8th July 2015: Sydney, Australia
One more sleep separates my current life to the new normality awaiting me. I feel as prepared as possible for surgery, with my mindset playing a crucial role in maintaining overall homeostasis, however, the surrealism of the entire experience is still difficult to comprehend. Namely, the actual details of the reality awaiting me. I must mention, my predictions entail rising from surgery heavily sedated, with weeks to follow stuck within this incapacitated state, however, ultimately I have no idea of what they may find or whether any complications are associated with th surgery. Admittedly, my intentions were to reference tomorrow as D-Day, however, when thinking about the connotations, I did not see the tittle as fitting to the day ahead.
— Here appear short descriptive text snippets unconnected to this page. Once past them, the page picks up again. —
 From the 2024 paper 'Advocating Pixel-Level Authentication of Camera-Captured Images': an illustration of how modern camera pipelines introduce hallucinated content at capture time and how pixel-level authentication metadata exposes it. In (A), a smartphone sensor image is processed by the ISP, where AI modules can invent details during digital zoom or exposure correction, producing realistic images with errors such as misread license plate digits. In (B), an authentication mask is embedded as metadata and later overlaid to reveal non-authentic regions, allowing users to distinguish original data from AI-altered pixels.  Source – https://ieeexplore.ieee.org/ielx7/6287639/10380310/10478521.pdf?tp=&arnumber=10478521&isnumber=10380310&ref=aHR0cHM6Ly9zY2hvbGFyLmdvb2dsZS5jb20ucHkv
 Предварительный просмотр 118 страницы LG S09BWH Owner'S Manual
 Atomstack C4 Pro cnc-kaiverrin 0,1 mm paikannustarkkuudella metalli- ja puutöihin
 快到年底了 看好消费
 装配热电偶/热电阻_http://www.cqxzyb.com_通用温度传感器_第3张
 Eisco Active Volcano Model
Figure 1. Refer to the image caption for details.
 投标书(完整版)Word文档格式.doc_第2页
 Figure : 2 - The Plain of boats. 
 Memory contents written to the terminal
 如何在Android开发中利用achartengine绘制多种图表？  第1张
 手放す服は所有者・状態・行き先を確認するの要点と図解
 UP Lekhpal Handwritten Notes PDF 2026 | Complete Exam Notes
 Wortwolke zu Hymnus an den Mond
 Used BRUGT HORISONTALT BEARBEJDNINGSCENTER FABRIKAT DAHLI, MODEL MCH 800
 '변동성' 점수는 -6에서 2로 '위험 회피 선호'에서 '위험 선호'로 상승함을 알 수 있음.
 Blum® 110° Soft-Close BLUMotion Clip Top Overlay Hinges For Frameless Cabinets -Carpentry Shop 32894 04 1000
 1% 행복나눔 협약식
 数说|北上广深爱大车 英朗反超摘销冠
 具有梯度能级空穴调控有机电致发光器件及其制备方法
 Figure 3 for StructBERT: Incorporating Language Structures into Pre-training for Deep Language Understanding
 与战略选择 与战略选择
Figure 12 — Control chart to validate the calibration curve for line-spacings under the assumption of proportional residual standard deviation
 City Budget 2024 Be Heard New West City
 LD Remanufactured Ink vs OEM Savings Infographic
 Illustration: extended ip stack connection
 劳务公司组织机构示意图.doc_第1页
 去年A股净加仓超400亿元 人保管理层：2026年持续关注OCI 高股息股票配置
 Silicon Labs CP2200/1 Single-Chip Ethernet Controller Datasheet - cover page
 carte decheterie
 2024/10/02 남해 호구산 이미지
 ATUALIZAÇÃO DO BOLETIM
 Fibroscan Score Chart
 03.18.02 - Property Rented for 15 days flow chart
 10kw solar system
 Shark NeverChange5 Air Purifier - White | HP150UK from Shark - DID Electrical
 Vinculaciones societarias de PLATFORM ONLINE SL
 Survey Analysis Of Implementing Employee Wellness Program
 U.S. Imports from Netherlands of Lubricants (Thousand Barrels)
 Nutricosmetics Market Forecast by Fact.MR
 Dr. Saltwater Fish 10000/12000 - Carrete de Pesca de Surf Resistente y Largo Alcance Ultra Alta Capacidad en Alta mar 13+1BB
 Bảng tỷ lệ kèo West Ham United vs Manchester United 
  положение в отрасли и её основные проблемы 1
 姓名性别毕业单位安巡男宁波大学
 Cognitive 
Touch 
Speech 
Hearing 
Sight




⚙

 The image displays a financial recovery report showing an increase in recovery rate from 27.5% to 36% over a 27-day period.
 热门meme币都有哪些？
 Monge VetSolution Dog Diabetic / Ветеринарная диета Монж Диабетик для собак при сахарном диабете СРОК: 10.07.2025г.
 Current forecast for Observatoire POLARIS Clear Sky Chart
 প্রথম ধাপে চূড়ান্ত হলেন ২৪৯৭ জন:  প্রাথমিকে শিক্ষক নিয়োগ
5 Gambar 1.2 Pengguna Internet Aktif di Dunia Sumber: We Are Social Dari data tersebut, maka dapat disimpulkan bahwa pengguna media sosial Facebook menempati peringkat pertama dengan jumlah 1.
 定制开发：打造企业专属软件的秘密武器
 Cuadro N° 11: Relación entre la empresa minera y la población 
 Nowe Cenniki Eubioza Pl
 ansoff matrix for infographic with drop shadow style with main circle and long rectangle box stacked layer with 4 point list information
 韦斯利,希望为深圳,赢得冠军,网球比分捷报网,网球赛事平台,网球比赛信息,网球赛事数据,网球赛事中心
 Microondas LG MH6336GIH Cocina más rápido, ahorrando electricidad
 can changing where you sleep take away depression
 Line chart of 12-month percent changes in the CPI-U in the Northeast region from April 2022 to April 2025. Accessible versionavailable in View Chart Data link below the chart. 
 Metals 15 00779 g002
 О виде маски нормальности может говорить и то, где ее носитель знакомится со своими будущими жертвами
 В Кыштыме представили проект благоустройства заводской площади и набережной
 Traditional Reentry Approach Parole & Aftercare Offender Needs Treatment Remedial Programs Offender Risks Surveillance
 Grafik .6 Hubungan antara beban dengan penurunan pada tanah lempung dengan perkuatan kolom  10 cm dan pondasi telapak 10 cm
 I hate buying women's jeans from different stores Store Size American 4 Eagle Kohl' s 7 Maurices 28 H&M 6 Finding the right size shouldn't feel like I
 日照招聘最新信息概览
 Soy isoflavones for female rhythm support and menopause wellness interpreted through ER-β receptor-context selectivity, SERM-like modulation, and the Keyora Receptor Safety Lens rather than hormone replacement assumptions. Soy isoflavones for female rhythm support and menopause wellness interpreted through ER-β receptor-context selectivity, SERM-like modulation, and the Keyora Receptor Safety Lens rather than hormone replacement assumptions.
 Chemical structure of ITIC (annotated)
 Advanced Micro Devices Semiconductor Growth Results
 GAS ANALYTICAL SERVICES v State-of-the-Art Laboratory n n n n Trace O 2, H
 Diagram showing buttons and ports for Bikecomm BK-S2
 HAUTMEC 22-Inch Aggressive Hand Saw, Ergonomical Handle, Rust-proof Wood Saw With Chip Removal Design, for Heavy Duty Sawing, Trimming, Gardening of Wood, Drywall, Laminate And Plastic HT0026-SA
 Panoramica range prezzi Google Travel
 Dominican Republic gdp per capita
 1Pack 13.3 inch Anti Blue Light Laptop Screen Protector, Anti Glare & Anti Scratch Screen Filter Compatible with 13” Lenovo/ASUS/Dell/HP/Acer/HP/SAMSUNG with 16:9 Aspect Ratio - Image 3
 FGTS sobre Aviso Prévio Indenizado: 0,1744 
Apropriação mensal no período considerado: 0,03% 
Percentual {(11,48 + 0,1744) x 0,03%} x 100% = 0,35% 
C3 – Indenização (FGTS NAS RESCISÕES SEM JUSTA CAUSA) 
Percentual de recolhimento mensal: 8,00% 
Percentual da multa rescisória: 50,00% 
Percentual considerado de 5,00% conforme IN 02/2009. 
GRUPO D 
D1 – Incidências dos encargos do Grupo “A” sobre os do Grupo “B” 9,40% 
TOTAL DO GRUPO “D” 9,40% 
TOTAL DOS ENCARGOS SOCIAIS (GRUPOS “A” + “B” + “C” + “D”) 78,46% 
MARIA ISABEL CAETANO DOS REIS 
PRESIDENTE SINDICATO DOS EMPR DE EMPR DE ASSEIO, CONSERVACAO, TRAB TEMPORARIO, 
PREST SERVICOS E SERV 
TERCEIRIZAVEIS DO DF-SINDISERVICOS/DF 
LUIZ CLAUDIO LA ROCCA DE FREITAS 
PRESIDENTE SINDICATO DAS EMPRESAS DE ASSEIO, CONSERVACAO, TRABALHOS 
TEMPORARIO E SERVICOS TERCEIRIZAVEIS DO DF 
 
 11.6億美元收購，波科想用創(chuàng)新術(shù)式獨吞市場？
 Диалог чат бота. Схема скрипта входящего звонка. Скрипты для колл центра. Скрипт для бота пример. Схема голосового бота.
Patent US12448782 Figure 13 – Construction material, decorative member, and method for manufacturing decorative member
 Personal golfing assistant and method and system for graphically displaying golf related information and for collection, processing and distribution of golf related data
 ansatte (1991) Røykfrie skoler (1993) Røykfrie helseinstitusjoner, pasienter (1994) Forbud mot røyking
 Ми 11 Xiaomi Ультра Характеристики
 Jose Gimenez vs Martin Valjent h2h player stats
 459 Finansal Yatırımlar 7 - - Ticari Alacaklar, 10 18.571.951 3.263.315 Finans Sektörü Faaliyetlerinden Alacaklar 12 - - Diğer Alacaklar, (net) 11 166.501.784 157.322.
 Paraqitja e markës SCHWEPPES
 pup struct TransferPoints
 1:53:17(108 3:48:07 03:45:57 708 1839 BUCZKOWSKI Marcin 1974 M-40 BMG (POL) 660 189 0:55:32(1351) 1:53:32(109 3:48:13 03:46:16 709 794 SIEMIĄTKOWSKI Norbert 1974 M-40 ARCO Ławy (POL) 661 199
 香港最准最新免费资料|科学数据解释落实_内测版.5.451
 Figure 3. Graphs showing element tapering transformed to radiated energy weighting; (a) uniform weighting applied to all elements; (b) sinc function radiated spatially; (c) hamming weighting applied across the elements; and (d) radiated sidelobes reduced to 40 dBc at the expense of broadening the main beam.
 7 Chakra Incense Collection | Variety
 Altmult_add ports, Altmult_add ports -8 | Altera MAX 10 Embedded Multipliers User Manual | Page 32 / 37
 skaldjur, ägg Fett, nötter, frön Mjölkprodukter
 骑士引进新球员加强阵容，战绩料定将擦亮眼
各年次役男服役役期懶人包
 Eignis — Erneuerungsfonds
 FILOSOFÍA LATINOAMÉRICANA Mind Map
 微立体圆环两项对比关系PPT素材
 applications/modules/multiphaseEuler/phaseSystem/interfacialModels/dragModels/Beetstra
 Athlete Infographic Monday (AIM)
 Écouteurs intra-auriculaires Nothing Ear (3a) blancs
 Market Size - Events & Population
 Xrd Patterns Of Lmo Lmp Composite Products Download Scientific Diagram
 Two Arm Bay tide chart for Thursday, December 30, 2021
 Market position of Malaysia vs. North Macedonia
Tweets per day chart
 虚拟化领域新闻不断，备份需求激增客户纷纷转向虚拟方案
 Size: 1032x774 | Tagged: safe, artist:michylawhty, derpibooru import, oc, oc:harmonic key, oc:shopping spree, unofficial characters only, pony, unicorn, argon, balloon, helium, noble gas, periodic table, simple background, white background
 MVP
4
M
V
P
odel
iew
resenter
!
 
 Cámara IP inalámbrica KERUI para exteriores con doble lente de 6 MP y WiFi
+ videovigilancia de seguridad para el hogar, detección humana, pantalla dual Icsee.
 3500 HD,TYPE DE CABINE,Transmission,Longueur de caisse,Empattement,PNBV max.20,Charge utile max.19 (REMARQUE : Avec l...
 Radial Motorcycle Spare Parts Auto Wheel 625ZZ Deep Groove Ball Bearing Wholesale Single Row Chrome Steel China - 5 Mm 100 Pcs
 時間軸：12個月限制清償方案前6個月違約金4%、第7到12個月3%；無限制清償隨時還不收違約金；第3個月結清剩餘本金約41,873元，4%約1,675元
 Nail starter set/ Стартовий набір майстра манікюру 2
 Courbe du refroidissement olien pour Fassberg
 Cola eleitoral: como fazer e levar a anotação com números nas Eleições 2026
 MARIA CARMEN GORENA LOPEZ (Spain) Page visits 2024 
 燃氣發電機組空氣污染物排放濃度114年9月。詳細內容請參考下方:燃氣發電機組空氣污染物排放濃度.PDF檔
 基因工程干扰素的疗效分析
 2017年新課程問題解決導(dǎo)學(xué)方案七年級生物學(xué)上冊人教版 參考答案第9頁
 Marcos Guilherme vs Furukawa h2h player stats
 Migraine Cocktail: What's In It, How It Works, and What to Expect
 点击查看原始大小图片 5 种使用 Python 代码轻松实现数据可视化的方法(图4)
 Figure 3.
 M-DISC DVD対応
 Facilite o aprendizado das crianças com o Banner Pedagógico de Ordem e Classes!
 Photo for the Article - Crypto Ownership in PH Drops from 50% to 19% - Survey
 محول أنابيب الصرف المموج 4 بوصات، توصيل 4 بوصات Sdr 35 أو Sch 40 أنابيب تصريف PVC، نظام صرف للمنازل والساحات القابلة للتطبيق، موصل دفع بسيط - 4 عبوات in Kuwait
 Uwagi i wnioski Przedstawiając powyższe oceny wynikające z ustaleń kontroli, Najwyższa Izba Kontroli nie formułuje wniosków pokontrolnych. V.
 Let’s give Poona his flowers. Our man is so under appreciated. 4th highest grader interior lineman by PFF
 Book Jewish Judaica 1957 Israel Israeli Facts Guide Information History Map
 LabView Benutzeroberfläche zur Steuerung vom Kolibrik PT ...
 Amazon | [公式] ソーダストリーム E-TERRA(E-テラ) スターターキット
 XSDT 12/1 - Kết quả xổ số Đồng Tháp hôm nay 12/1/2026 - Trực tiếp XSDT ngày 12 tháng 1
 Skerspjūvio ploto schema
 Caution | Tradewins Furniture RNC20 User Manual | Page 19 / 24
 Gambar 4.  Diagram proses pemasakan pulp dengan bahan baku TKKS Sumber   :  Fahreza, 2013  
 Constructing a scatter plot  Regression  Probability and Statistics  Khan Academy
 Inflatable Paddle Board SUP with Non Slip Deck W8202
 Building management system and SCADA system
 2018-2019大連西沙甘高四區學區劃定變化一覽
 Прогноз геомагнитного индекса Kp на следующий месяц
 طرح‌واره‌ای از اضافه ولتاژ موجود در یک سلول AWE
Yes, I will have a procedure, and will be experiencing temporary pain, however, on a permanent basis, I have belief in being stronger in a physical, mental and emotional sense. Therefore, tomorrow is not D-Day. Instead, just another day, and the beginning of my new normal.
1st July 2015: Sydney, Australia
I have commenced watching motivational clips virtually everyday, and it seems to have helped make positive shifts when comparing my mindset at present to how I was functioning prior to my previous surgery. Currently, I feel an overwhelming sense of finality, as this being the final stage of the process. I can completely understand how absurd it sounds, especially upon hearing the Cancer has also appeared on my lungs, however, my belief in my longterm health and wellness is not comparable to anytime in my past. There are many areas to contribute where these positive feelings derive from, and at the top end of my list would be the range of motivational videos being watched on a daily basis. The positive feelings and lasting thoughts anchored into my consciousness are the very reason for deciding to dedicate an entire wall in my room to motivational quotes and pictures. I am currently in the process of collating images and will show updates throughout the stages of development.